Replace wildcards in a binary string avoiding three identical consecutive letters

Question

Given a string S of length N, return a string that is the result of replacing each '?' in the string S with an 'a' or a 'b' character and does not contain three identical consecutive letters (in other words, neither 'aaa' not 'bbb' may occur in the processed string).

Examples:

Given S="a?bb", output= "aabb"

Given S="??abb", output= "ababb" or "bbabb" or "baabb"

Given S="a?b?aa", output= "aabbaa"

1<=n<= 500000

I solved the problem using backtracking, but my solution is slow and won't work for greater N values, is there a better approach?

Answer 1

Possible Implementation for rules in my answer.

---

This implementation is

• left-to-right
• single pass with 2 look-behind and 1 look-ahead (despite initial checking)
• O(n) time complexity
• can be O(1) space complexity since the context is at most 4 character
• does not check for invalid Input

---

First merge the rules

• a?? => ab?
  • a??b => abab (a??b => ab?b => abab)
  • a??a => abba
  • a???????????????????b => ab??????????????????b
• ba?b => baab
• ^a?b => ^aab
• a? => ab otherwise (also imply a??)
  • aa? => aab
  • a?a => aba
  • aa?b => aabb

---

Then setup the boundary conditions.

The rule need the string not start with ?s (not necessary if simply fill them in another pass)

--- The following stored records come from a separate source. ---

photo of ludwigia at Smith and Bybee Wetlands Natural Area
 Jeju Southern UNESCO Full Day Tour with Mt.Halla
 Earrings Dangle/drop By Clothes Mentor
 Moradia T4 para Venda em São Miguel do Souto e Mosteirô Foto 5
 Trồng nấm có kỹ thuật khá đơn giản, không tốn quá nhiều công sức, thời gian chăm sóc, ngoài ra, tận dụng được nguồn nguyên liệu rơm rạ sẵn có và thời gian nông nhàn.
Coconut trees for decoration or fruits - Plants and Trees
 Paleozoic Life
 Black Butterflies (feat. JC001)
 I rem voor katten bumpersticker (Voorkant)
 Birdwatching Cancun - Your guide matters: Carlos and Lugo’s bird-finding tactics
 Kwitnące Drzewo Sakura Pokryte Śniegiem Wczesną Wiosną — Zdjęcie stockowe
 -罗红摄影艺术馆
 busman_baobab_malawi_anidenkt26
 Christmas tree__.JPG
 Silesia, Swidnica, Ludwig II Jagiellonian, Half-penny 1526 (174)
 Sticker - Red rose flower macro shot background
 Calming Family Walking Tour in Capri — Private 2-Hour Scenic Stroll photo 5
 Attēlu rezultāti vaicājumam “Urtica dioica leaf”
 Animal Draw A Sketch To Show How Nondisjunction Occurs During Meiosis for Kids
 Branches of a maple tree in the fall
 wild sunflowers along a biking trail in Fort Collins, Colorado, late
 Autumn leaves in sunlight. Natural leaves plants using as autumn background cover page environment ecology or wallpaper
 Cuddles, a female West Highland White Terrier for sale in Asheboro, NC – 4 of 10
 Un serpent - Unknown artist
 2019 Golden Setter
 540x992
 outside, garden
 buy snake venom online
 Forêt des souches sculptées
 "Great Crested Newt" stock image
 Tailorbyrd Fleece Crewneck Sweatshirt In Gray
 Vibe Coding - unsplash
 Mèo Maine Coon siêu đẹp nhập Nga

• ^?? => a? (as if we prepend a b)
• ^?a => ba

The rule need 2 look back in case of a?b so I simply pre-apply it to prevent the check inside primary loop

• prefill ^a?b => ^aab

---

The Code (WandBox link)

char inverse(char c){return c=='a'?'b':'a';}

std::string solve(std::string s){
   
   /// boundary conditions
   
   if(s.size()<3){
      for(auto& c:s) if(c=='?') c='b';
      return s;
   }
   
   if(s.starts_with("??")) s[0]='a'; // ?? => a? // not really necessary if use another pass to fill prefix '?'s
   if(s.starts_with("?a")  || s.starts_with("?b"))  s[0]=inverse(s[1]); // ?a => ba // not really necessary as above
   if(s.starts_with("a??") || s.starts_with("b??")) s[1]=inverse(s[0]); // not really necessary, just to prevent access s[-1]
   if(s.starts_with("a?b") || s.starts_with("b?a")) s[1]=s[0]; // ^a?b => aab
   
   /// primary loop
   
   for(auto curr=s.data(); curr!=s.data()+s.size(); ++curr)
   if(*curr=='?'){
      if(curr[-1]!=curr[1] && curr[-2]==curr[1]) *curr=curr[-1]; // ba?b => baab
      else *curr = inverse(curr[-1]); // a? => b (rule coaslesing)
   }
    
   return s;
}

Answer 2

The greedy version below seems to work. This way, we could have constant space aside from one output string. Can someone help find a counter example? I wrote this idea before implementing the straightforward dynamic program (see this revision). Try to maintain sequences of two of the same character as much as possible.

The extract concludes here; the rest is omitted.